The United States is not the only country to recognize the importance of coordination in multi-jurisdictional criminal investigations and enforcement actions. To aid in this effort, coordination centers have been set up all over the world to facilitate multilateral cooperation. The International Anti-Corruption Coordination Centre (IACCC) brings together law enforcement officers from multiple jurisdictions to tackle allegations of public corruption. Member agencies in the IACCC include the Australian Federal Police, New Zealand's Serious Fraud Office, New Zealand Police, Royal Canadian Mounted Police, Corrupt Practices Investigation Bureau of the Republic of Singapore, UK's National Crime Agency, INTERPOL, and numerous U.S. agencies, including the DOJ, Department of Homeland Security, and Immigration and Customs Enforcement. Similarly, the Anti-Corruption Network for Eastern Europe and Central Asia supports its member countries in their work to prevent and fight corruption by supporting the efforts of Eastern European and Central Asian countries. The Global Focal Point Initiative — created under endorsement from INTERPOL's General Assembly — is an initiative working to trace, seize, and return stolen public funds to the originating country. The network members utilize the secure Global Focal Point Platform on Asset Recovery to engage in international asset recovery. The initiative is also working to facilitate the secure exchange of sensitive information between members working in anti-corruption and asset recovery agencies.

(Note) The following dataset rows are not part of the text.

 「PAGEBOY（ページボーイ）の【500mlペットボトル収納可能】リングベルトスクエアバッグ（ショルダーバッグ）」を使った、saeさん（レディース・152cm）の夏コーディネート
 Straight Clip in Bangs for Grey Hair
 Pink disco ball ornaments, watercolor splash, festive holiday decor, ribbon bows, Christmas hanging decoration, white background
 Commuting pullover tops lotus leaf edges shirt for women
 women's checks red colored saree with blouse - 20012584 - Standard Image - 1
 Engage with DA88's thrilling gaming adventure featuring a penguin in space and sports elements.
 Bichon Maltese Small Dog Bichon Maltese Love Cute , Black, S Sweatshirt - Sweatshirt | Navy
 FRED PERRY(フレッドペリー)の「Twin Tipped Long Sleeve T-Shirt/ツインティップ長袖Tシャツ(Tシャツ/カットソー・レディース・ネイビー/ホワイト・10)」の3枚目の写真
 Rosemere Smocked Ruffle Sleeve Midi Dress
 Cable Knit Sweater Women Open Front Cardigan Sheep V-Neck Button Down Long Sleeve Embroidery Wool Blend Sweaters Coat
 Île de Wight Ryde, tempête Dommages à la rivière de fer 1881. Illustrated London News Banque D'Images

|In an increasingly interconnected world, these organizations are facilitating the coming together of governments and enforcement agencies from numerous countries in order to coordinate overlapping investigations, particularly with regard to alleged financial crimes. However, as reflected in the Policy, more than mere coordination is needed in order to ensure transparency, consistency and fairness. The DOJ has taken the lead in reigning in disproportionate punishments, but the potential will remain until other jurisdictions follow suit. For example, a French appellate court recently upheld a fine imposed on Vitol LTD for corrupting foreign officials despite the fact that Vitol had previously paid $17 million in criminal penalties to U.S. authorities to resolve an investigation of the same conduct.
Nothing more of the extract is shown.